Because a fight it is. The pope may have combined the orders of science and spirituality, but he knows they must battle a third magisteria: money, which so far has usually won. He’s caustic about the failures of international conclaves and national politicians, rightly isolating the cause as the ongoing triumph of those for whom accumulation is the only god. “Whatever is fragile, like the environment, is defenseless before the interests of a deified market,” he has written, adding knowingly today that, “consequently the most one can expect [from our leaders] is superficial rhetoric, sporadic acts of philanthropy, and perfunctory expressions of concern.” Indeed, an hour or two after the release of his encyclical, the House voted to give the president “fast-track” authority to negotiate a free trade agreement with Pacific Rim nations, over the protests of advocates for both environmentalists and workers that it would only worsen the problems the encyclical describes.

It will take a while to see what power the pope’s letter ultimately possesses. Usually, as Francis writes, “any genuine attempt by groups within society to introduce change is viewed as a nuisance based on romantic illusions or an obstacle to be circumvented,” which certainly describes how many American politicians reacted to the encyclical. But one would perhaps be unwise to bet against Pope Francis, who has a wily sense of how to pressure, expose, and prod. At any rate, the battle is joined, more fully than ever before.

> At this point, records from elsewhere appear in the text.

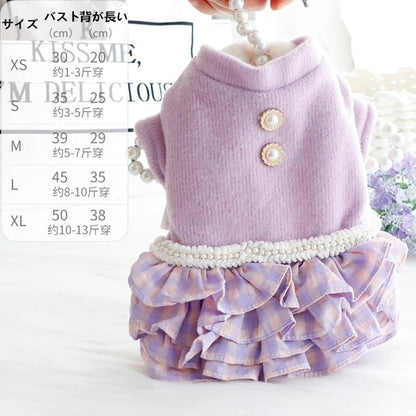 2色の新金犬の服かわいい猫のバブルスリーブロリータお姫様リボン本ピンクワンピース新生ミルク犬のミルク猫の子犬マシュマロ小型犬ペットテディ服CXDZ23
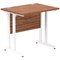 Impulse 800mm Slim Rectangular Desk, White Cantilever Leg, Walnut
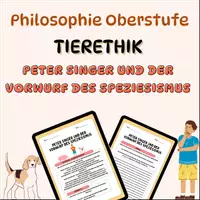 Vorschau - Arbeitsblätter - Peter Singer – Speziesismus vs. Rassismus | Tier-Ethik - Deckblatt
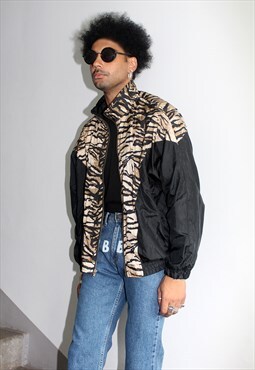 Vintage 90s Black Tiger Print Shell Rave Jacket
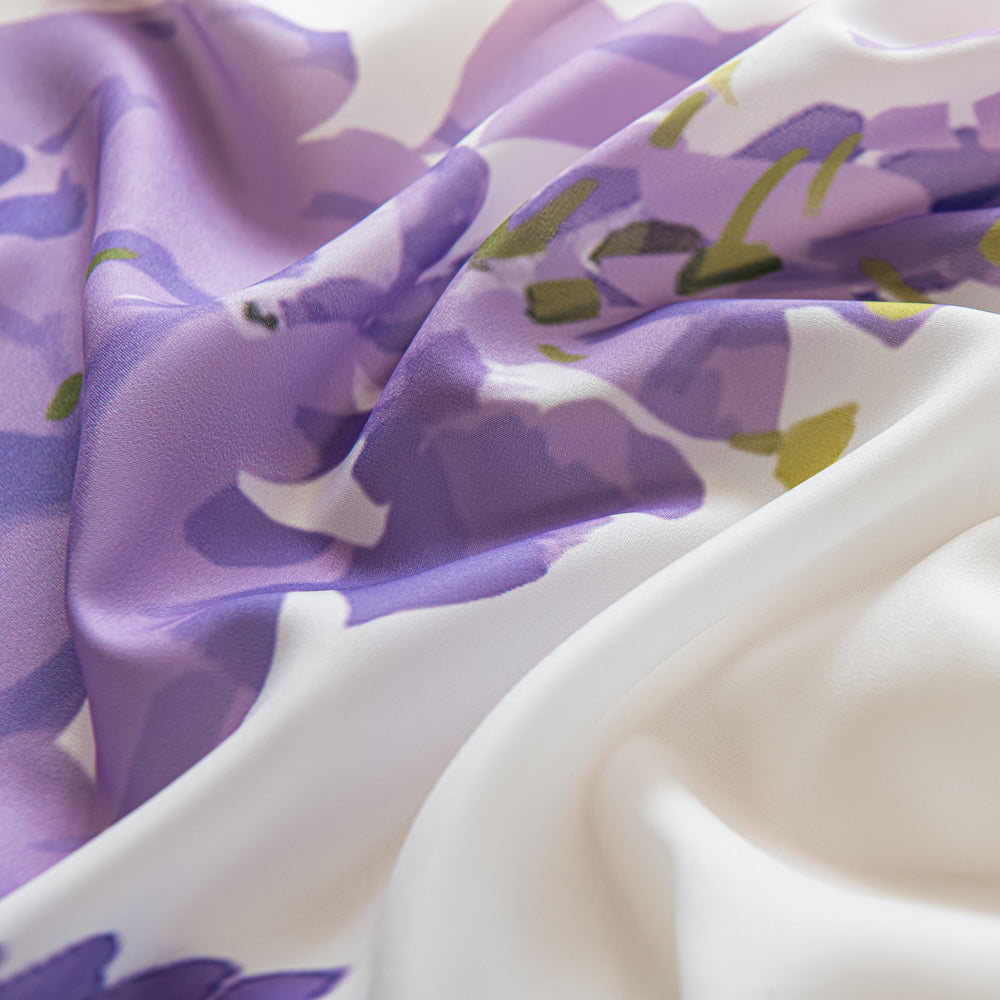 White Sheer Curtains with Purple Wisteria Flower and Butterfly Print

My own sense, after spending the day reading this remarkable document, was of great relief. I’ve been working on climate change for a quarter century, and for much of that time it felt like enduring one of those nightmarish dreams where no one can hear your warnings. In recent years a broad-based movement has arisen to take up the challenge, but this marks the first time that a person of great authority in our global culture has fully recognized the scale and depth of our crisis, and the consequent necessary rethinking of what it means to be human.